As a genome describes the genetic content of an organism, a proteome defines the protein complement of the genome. Proteomics includes the identification of proteins in biological tissues, the characterisation of their physicochemical properties (complete sequence, post-translational modifications), and the description of their behaviour (function, expression level). After processing and modifications, a single gene may express between one and a few dozen different protein products; by extrapolation, the ~50,000 human genes could produce over 500,000 different proteins.
A combination of technologies is required to characterise a proteome fully. A standard procedure is two-dimensional gel electrophoresis (2-DE) as the separation method, followed by mass spectrometry (MS) analysis of the separated and enzymatically digested proteins. The peptide mass fingerprints typically obtained by MALDI-TOF MS are matched against sequence databases using dedicated bioinformatics tools.
The whole procedure can be automated and robotised for high throughput purposes. One aim of the programme will be to promote the development of new methods themselves, as well as projects that are application driven and using the new technologies as tools. For example, it is important to develop further high throughput techniques to separate efficiently and identify quickly a majority of proteins. More specific technologies will have to be used to identify proteins that have failed positive hits with the main approach and to characterise individual post-translational modifications which, while typically not deducible from gene sequence alone, carry important functional implications. The huge amount of data generated from both experimental results have to be stored in specific databases, which can then be searched for pattern-matching recognition, characterisation or functional relevance studies. It is important that the design of common and appropriate database formats and analysis tools allow easy access to data and comfortable data interpretation.
In the cell, proteins do not act in isolation, but usually form transitory or stable complexes in order to participate in pathways and act in networks. Protein-protein interactions thus constitute an essential aspect of the normal workings of the living cell and unravelling the various interactions in which individual proteins are involved constitutes an invaluable way of understanding protein function. Recently, Fromont-Racine et al. (Institut Pasteur, Paris) developed a high-throughput, genome-wide version of the yeast two-hybrid system to create Protein Interaction Maps (PIMs) for whole cells.
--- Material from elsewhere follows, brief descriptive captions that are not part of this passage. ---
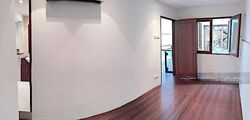 Emerald Hill Road (D9), Detached #532322461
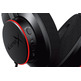 Headphone Creative Sound BlasterX H6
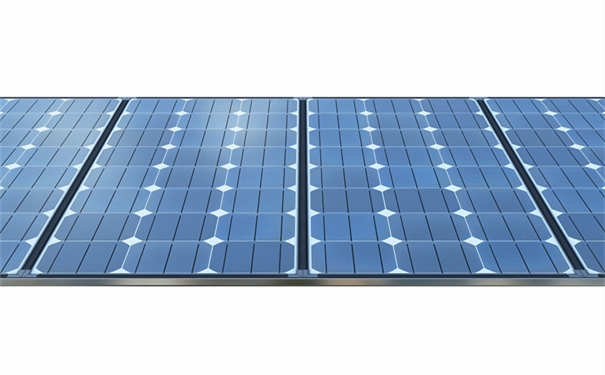 太陽能組件進(jìn)口清關(guān)代理注意事項(xiàng)有哪些? 太陽能組件進(jìn)口清關(guān)代理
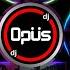 DJ TERNYATA ADA AKIMILAKU REMIX TERBARU FULL BASS DJ Opus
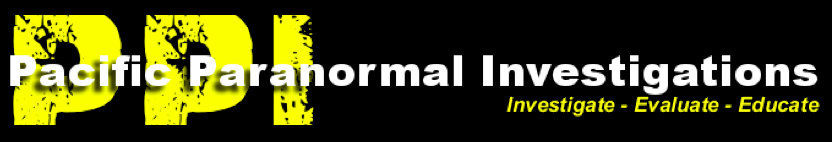 about ppi trademark banner cropped color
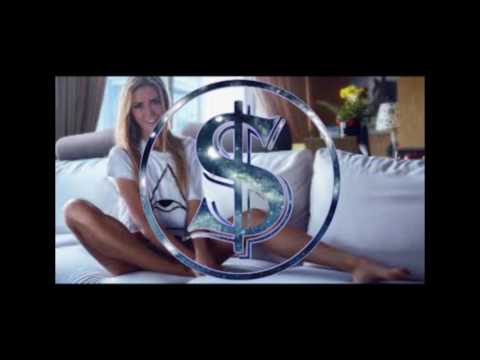 BASE REGGAETON - THE $CRIPT Official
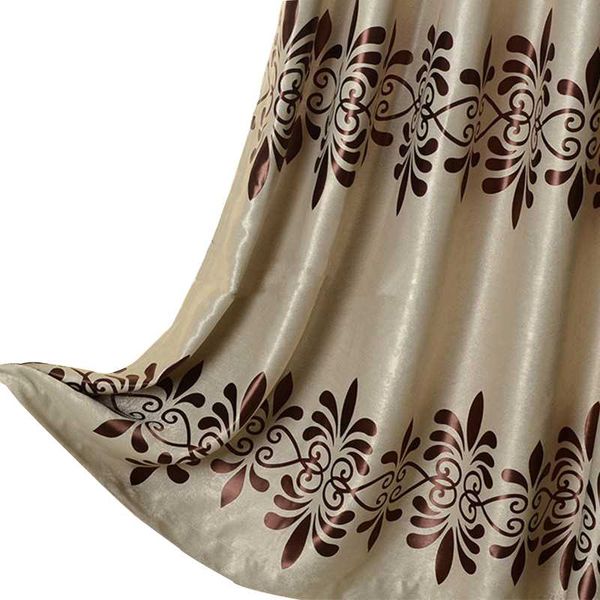 

curtain & drapes luxury wavy striped kitchen curtains for living room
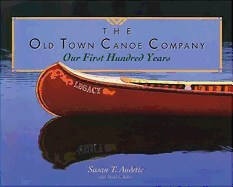 Old Town Canoe Company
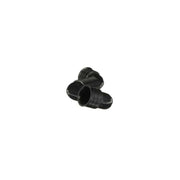 Gates Crankcase Ventilation Hose 195mm EMH803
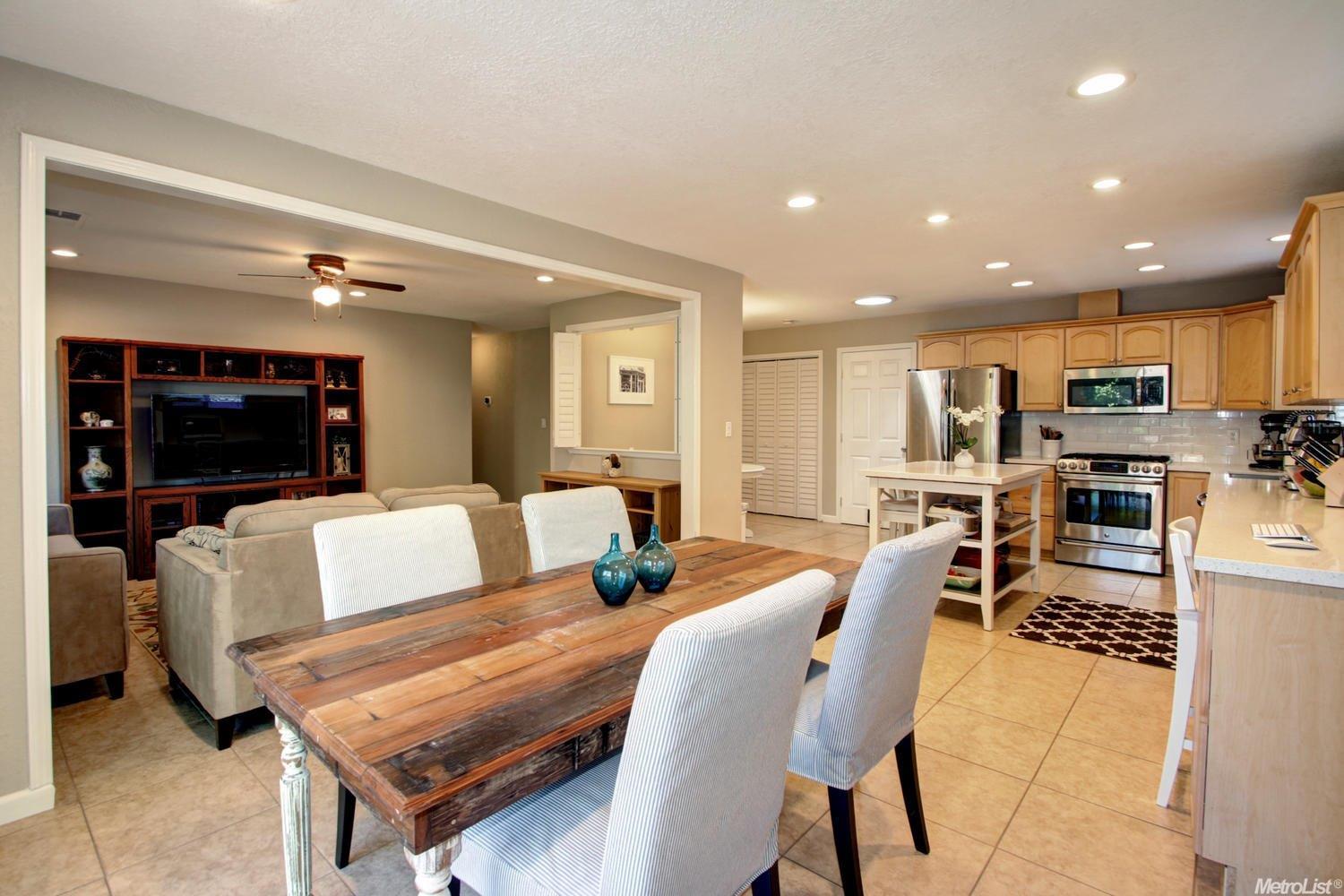 2525 Temple Dr, Davis, CA 95618 photo 6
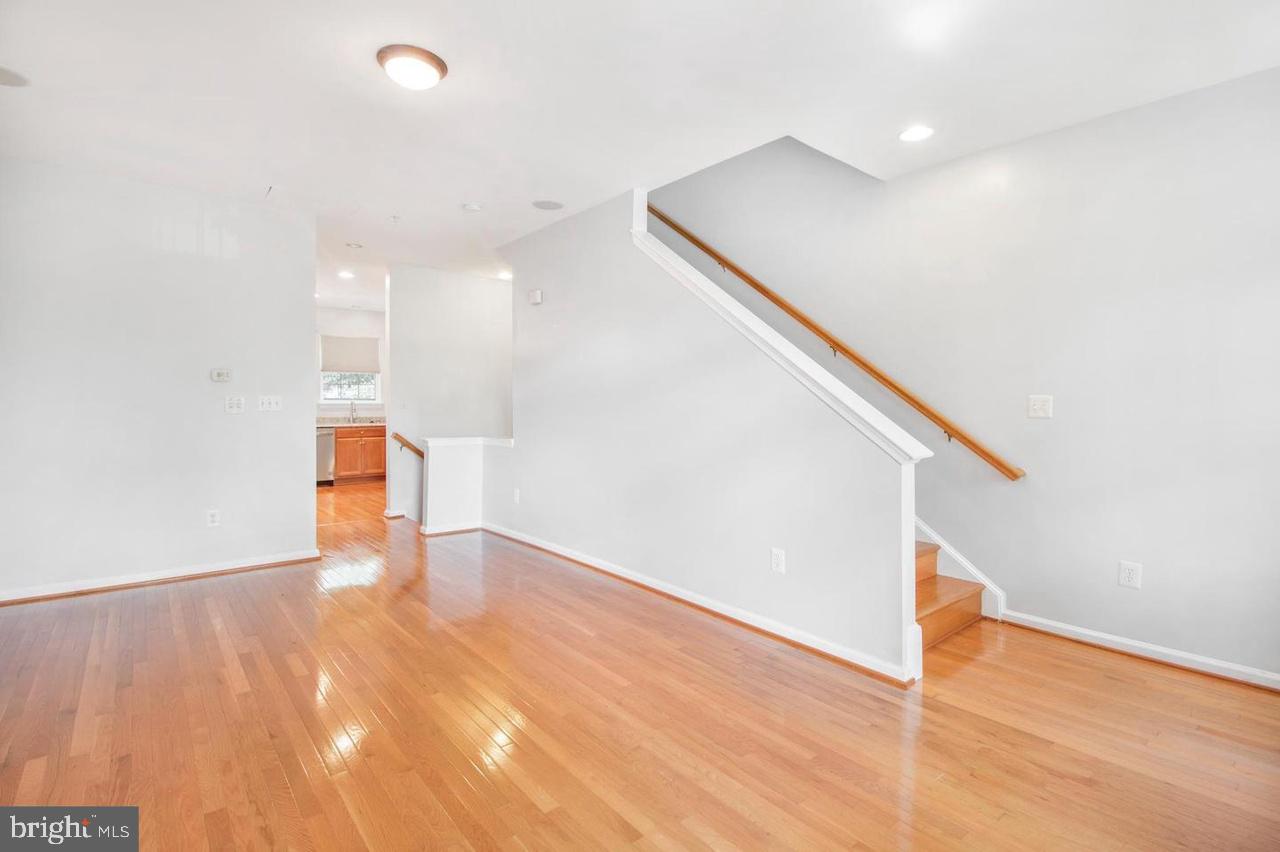 99 Danbury Street Southwest Washington, DC 20032 - Photo 2 of 17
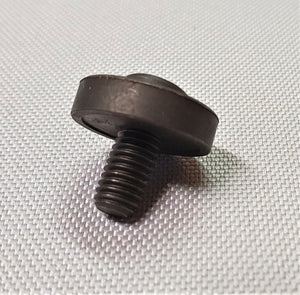 New Genuine Makita 265674-6 H.S.H. Screw M6x20 BTM40 BTM50 DTM50 TM3000C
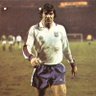 9Supermac's profile picture. This is the official Twitter account of Malcolm Macdonald former #nufc #afc #ffc #ltfc & England striker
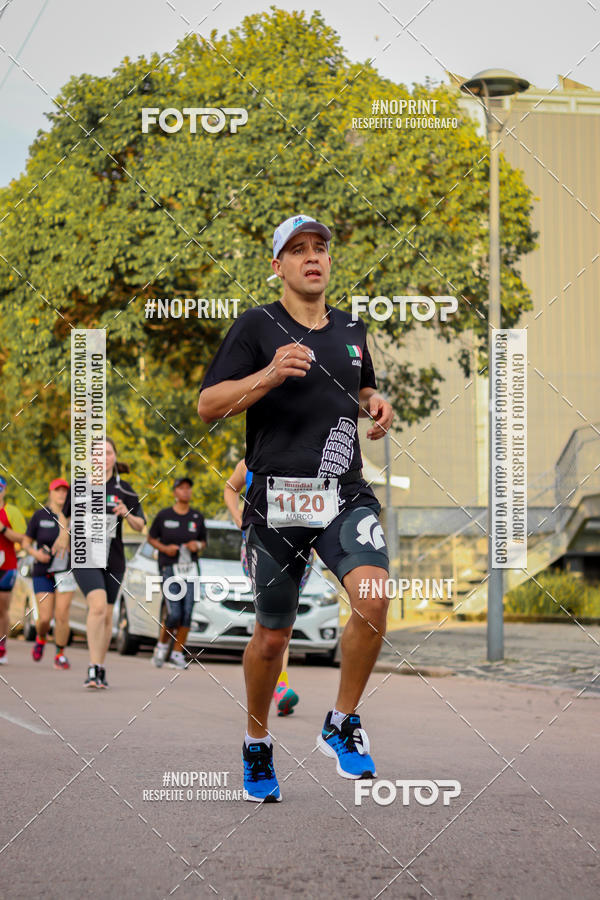 Buy your photos of the eventCircuito Mundial - Etapa Itlia - Curitiba on Fotop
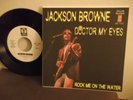 Jackson Browne,Asylum,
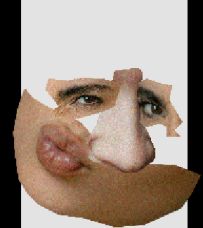 #开发者日志02 gogogo，搓轮子～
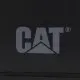 Σακίδιο Πόλης Explorer Caterpillar 23 L 84837-01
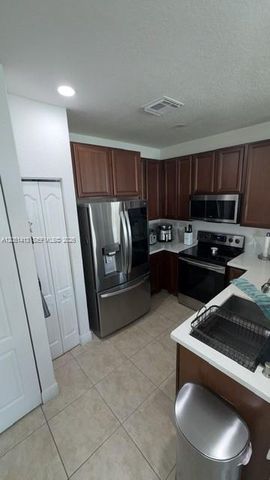 14099 SW 275th Street 0, Homestead, FL 33032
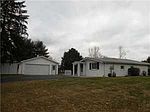 476 Milnor Rd, Pickerington, OH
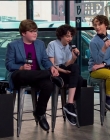 Filename=2017-08-30_-_The_Cast_of_It_BUILD_Series_Interview_mp45567.jpg
Filesize=1041KiB
Dimensions=1920x1080
Date added=Feb 04, 2020 2017-08-30_-_The_Cast_of_It_BUILD_Series_Interview_mp45567.jpg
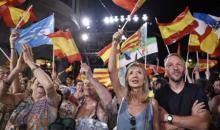 Sánchez crée la surprise et espère se maintenir au pouvoir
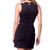 Imagem do VESTIDO SABALENKA PRETO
The automated generic version of Fromont-Racine’s procedure is rapidly becoming the method of choice for mapping whole proteomes. With a yeast cell mating procedure that increases screening efficiency, Fromont-Racine et al. used their complex yeast genomic library of 5 x 1000 000 clones to test 700 x 1000 000 interactions against 15 proteins. They identified and classified 170 potential interactors, including approximately 70 proteins of previously unknown function. More than 25% of the interactors are probably biologically relevant. The achievements of this group have opened the way to the systematic analysis of the protein interaction networks of the 6,000 open reading frames of the yeast proteome.
Another European team (Hybrigenics, Paris) has adapted the Fromont-Racine procedure to analyse a bacterial genome and has linked half of the 1600 proteins of the ulcer-provoking bacterium Helicobacter pylori into partial PIMs. Hybrigenics has developed the ‘PIM Rider’ tool to score interactions and visualize PIMs; it also identifies Selected Interacting Domains (SIDs) involved in the various protein-protein interactions listed in the database. Other technologies which address proteomics will also be included in the programme, such as the application of phage and ribosome display libraries and purification of complexes.